Description
This little devotional tutorial stands very much in the historic Anglican tradition. Its intention is not to answer all faith questions but to pose essential questions as to what is most important in Christian faith and practice. Its starting place is Saint Luke’s brief description of the early Church:
And they devoted themselves to the apostles’ teaching and fellowship, to the breaking of bread and the prayers (Acts of the Apostles 2:42).
The four ingredients in this single verse constitute the primary facets of Saint Luke’s picture of the Apostolic Church. From them we can learn to bridge the millennia all the way back to the roots of the one, holy, catholic and apostolic church, and indeed come to see how they remain a standard for us in the Church today. We can see what Luke thought was at the very core of the Christian community’s life in those first days following the ascension of Christ, with her beginnings in Jerusalem and expansion throughout the then-known world.
Included in this rich little book are suggestions for structuring one’s personal devotions, brief forms of the Daily Office, and a brief instructed Eucharist.
The author, John William Klein, PhD, a priest of The Anglican Province of America, employs a method that examines Scripture, the tradition of “the holy Church throughout all the word,” and reason as guided by the Holy Spirit. All Biblical quotations are from the English Standard Version of the Bible (ESV). The Book of Common Prayer 1928 is mainly quoted, with occasional references to the Book of Common Prayer 2019.
The story begins with the apostles waiting in Jerusalem for Jesus’ promise of the baptism of the Holy Spirit. Thus, the theme of their entire work is set. The church will be empowered for mission by the Holy Spirit and will then in an ever-expanding mission take her witness of the good news to all people everywhere. The mission was clear: gather together as many people as would come into the Kingdom of God.

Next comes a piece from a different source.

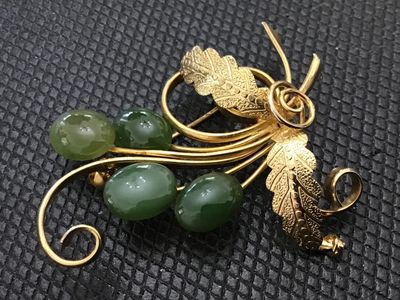 Sale Photo Thumbnail #232: A vintage gold-tone wire-work brooch featuring a leaf and scroll spray design accented with four oval cabochon green stone or glass beads resembling jade. Features textured leaves and a standard pin back clasp. Measures approximately 2 inches long. Good v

To slip oneself into the picture that St. Luke paints of the time and place—that is, the thinking and feeling of the earliest disciples, we need to know something of what led up to the Holy Spirit of God’s empowering them to go forward to turn the world upside down (Acts 17:6). Thus appropriate attention is given to some backstory—that literary device as old as storytelling that shows what preceded the larger narrative.